• About this task
Find the line with "Elegant 2-bedroom apartment". Repeat it and each line after it, exactly, down to the end of the records below.

[Stored records]
"""

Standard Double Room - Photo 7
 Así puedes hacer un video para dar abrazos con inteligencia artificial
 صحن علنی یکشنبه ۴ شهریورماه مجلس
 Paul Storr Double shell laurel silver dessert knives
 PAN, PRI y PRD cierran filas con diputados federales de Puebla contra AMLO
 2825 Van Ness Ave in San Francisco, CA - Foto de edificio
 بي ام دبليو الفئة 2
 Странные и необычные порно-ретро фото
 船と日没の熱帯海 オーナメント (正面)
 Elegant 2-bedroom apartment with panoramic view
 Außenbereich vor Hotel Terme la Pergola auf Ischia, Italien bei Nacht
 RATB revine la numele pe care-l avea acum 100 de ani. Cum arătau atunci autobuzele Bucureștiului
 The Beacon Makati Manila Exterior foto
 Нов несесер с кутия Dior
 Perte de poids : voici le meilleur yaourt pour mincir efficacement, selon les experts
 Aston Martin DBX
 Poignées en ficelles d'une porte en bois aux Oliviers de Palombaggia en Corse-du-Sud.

"""

• Reply to the exercise
 Elegant 2-bedroom apartment with panoramic view
 Außenbereich vor Hotel Terme la Pergola auf Ischia, Italien bei Nacht
 RATB revine la numele pe care-l avea acum 100 de ani. Cum arătau atunci autobuzele Bucureștiului
 The Beacon Makati Manila Exterior foto
 Нов несесер с кутия Dior
 Perte de poids : voici le meilleur yaourt pour mincir efficacement, selon les experts
 Aston Martin DBX
 Poignées en ficelles d'une porte en bois aux Oliviers de Palombaggia en Corse-du-Sud.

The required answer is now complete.